China lets US siblings return home after three years
- Published
Two American siblings banned from leaving China for the last three years have been allowed to go home.
Cynthia and Victor Liu said authorities restricted them to lure their father back to face fraud charges.
The latest move coincides with the high-profile release of Chinese tech executive Meng Wanzhou and two Canadians over the weekend.
Critics have in the past accused China of using ordinary citizens as political bargaining chips.
This is known as "hostage diplomacy". China has always denied it.
On Monday, US senators Edward Markey and Elizabeth Warren said in a statement, external that Cynthia and Victor Liu were back home "after three difficult years being held in China as pawns for the Chinese government".

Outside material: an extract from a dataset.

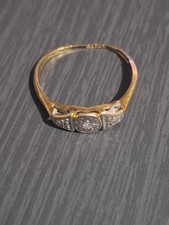 1920s Art Deco Gold Ring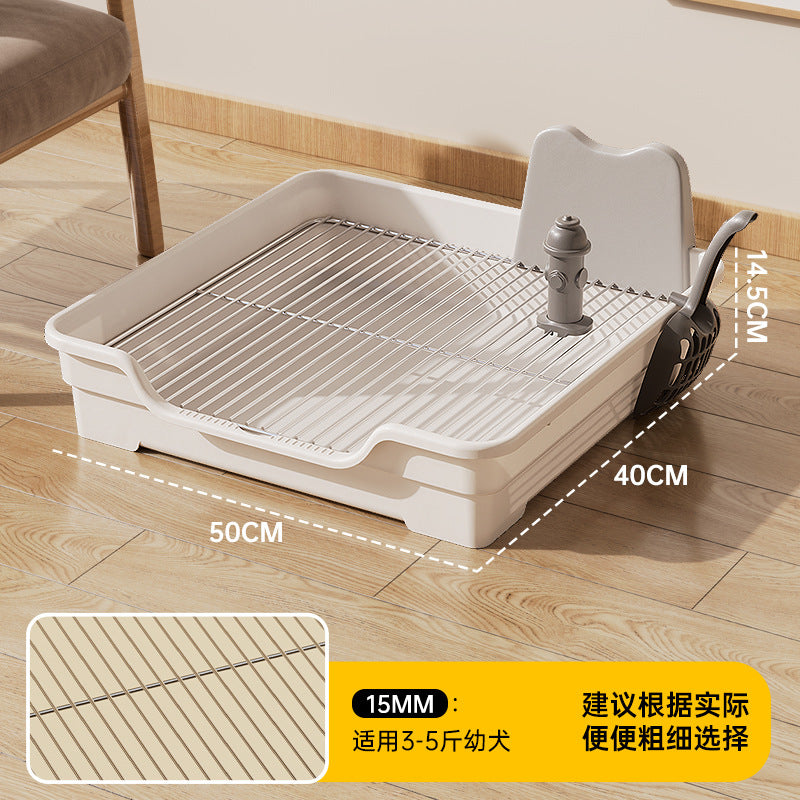 Oversized Dog Litter Box with High Fence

They added that the siblings' mother, Sandra Han, was also a US citizen and was "detained in China". The senators said they were working with the US government to secure her release.
In 2018, the three of them had travelled to China to visit relatives. Ms Liu was a 27-year-old consultant and Mr Liu was a 19-year-old university student at the time.

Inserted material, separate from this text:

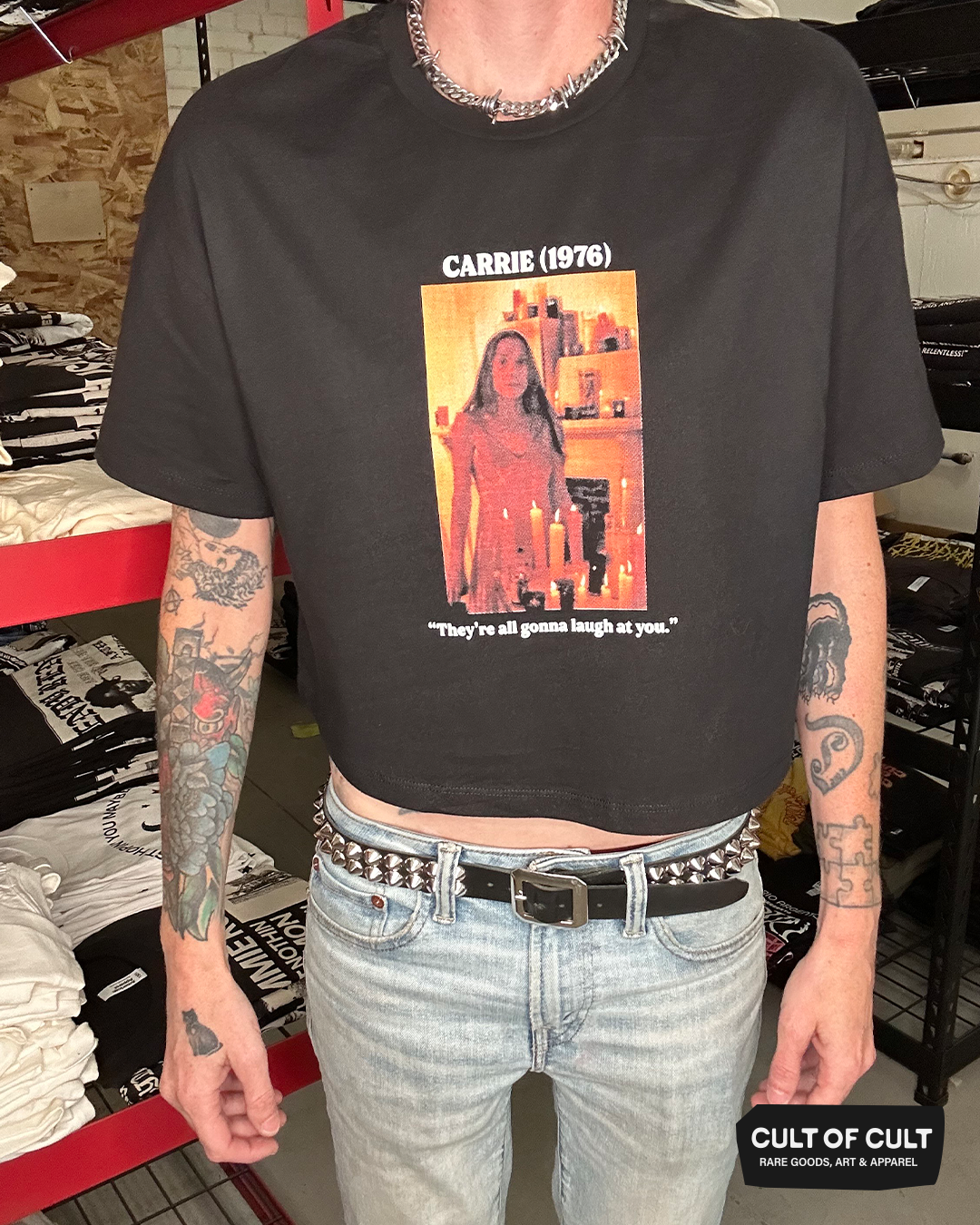*SECRET DROP* Carrie 1976 Laugh Crop Top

Days later, their mother was detained by Chinese officials and taken to a "black jail", a secretive detention centre, according to the children. They found they could not leave China as well.

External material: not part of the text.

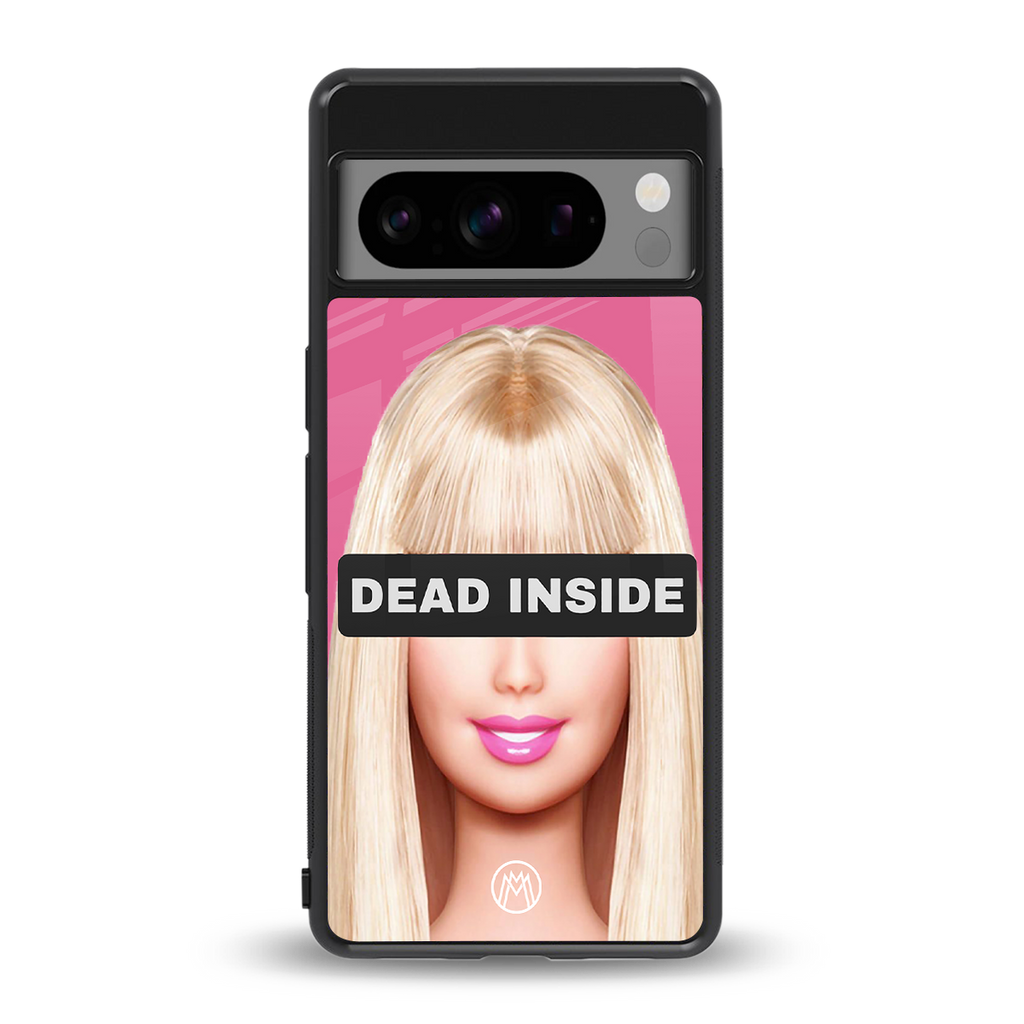 dead inside back phone cover | glass case for google pixel 8 pro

At the time China's foreign ministry justified the restrictions saying that the three of them had documents showing they were Chinese citizens, and were "suspected of having committed economic crimes".
But the siblings told The New York Times newspaper then that Chinese authorities were using them to lure their father, a former state-owned bank executive, back to China to face criminal fraud charges, even though he had reportedly cut ties with the family in 2012.
According to an earlier report by state news outlet China Daily, their father Liu Changming is one of the country's 100 most wanted fugitives facing arrest for alleged corrupt practices. He fled China in 2007.
Their mother, Ms Han, is a businesswoman with millions of dollars in real estate holdings, according to The New York Times.
'No link'
US reports said China allowed the Lius to leave on the same weekend that authorities let go of Canadian citizens Michael Spavor and Michael Kovrig, who were arrested in China in 2018 and accused of espionage.
The Canadians' release came hours after Chinese tech executive Meng Wanzhou, who was held in Canada on US fraud charges, was freed.
The apparent swap brought to an end a damaging diplomatic row between Beijing and the West.
When asked by reporters on Monday whether it would incentivise China to continue such tactics, White House press secretary Jen Psaki said: "I think it's important to note, and to be very clear about this, there is no link."
She said the US Justice Department had taken "independent decisions" to cut a deal with Canadian prosecutors, which led to Ms Meng's release.